Available data:

**********

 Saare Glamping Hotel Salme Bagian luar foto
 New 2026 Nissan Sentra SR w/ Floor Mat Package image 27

**********

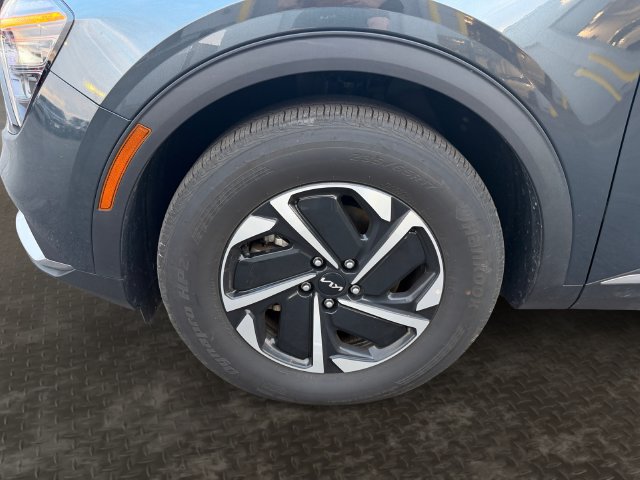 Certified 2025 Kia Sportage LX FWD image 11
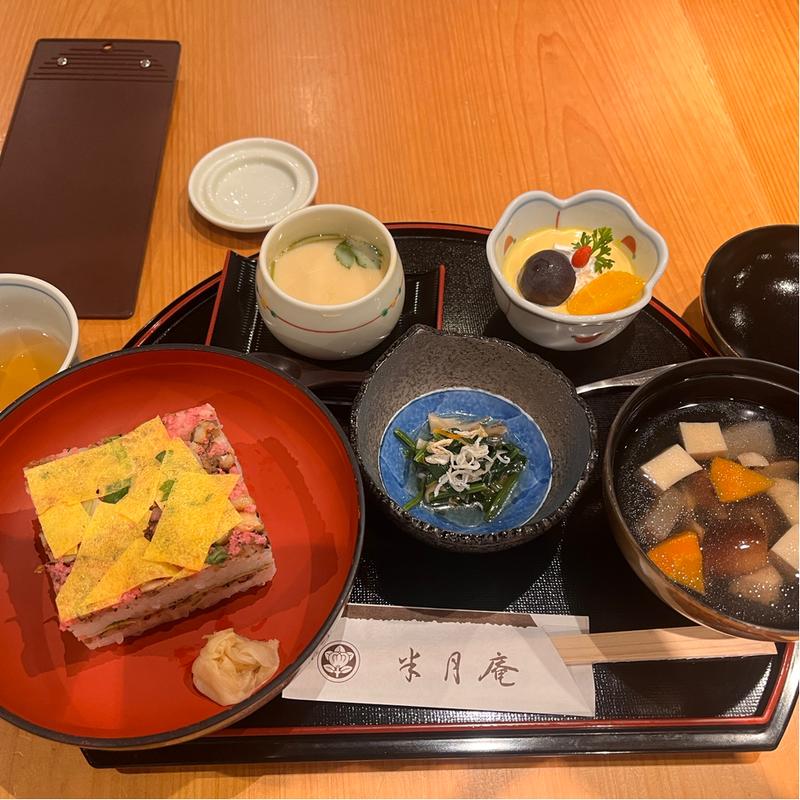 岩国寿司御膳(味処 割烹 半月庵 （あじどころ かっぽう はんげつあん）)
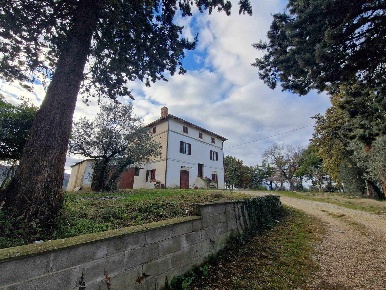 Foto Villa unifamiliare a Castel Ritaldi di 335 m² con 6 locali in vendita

**********

What to produce:
Give back the exact lines above, running from the one that has "Certified 2025 Kia Sportage LX FWD image 11" through the one that has "Foto Villa unifamiliare", with nothing added and no pictures.

Reply:
 Certified 2025 Kia Sportage LX FWD image 11
 岩国寿司御膳(味処 割烹 半月庵 （あじどころ かっぽう はんげつあん）)
 Foto Villa unifamiliare a Castel Ritaldi di 335 m² con 6 locali in vendita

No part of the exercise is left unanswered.